Très bas dans les sondages, Philippe Couillard ne perd plus de plumes, sans doute parce qu’il ne peut pas descendre davantage.

Il se retrouve avec un nouvel adversaire contre qui l’hydre référendaire ne sera pas une arme efficace. Son défi : faire oublier la période d’austérité et réussir à mettre un peu d’empathie dans ses politiques. À regarder aller le gouvernement Couillard depuis un mois, sa stratégie semble justement façonnée pour affronter ce nouvel adversaire. Un peu d’identité, avec son document constitutionnel. Des politiques plus sociales – réussite scolaire, culture, environnement – pour recentrer le parti et l’humaniser. Des arguments économiques, avec le faible chômage et la forte croissance. Et bien sûr, la santé financière retrouvée qui permettra certainement des largesses.

Le défi de François Legault, c’est de consolider ses gains, de transformer la déception à l’égard des partis traditionnels en appuis durables.

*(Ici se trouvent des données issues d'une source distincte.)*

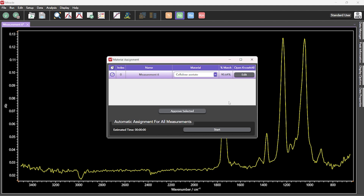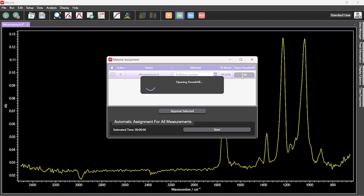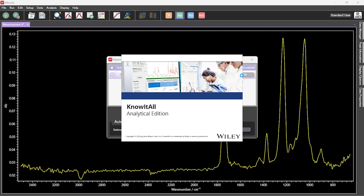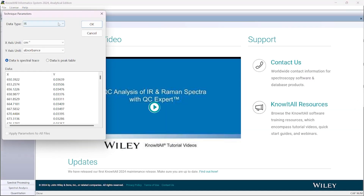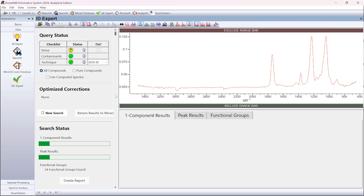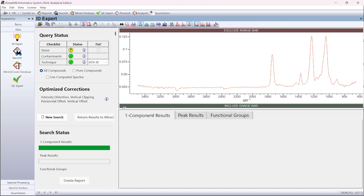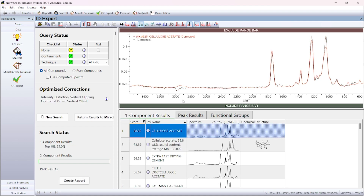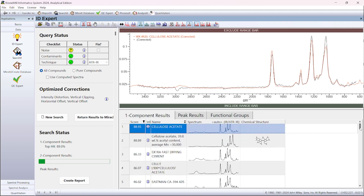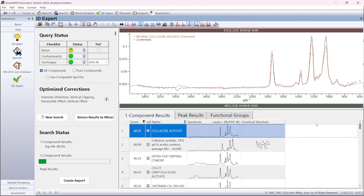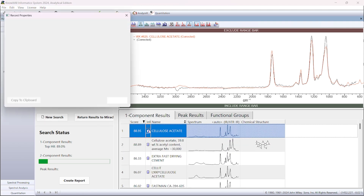Once a sample has been identified, the approve selected button is pressed. KnowItAll can be opened directly from this window by pressing the edit button. Within KnowItAll, both the taken spectra and the spectra within the database are overlaid so the similarities can easily be seen. The 50 closest matches to the obtained spectrum can be seen below, along with information on each individual material by pressing the information button.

Cela reposera sur un rééquilibrage délicat sur l’identité pour pouvoir s’implanter dans la région montréalaise et attirer des non-francophones. Cela exigera aussi plus de retenue dans son rôle d’opposition pour se présenter en solution de rechange au pouvoir. Le fait que la CAQ soit maintenant en deuxième position est un atout qui donnera plus de poids à ses interventions. Il pourra aussi miser sur les faiblesses de ses deux adversaires.

Québec solidaire a un tout autre défi. Ce parti est toujours plus fort en sondage qu’au moment des élections. Pour faire de véritables progrès et transformer ses 15 % d’appuis en vrais votes, il devra s’attendre à ce que les électeurs regardent son programme et ses idées de beaucoup plus près. Or, les Québécois ne sont pas des post-marxistes. S’il veut les attirer, pour sortir de la marginalité, QS devra se résoudre à une révision substantielle et douloureuse de son programme.

On verra, en septembre, si l’été a porté conseil.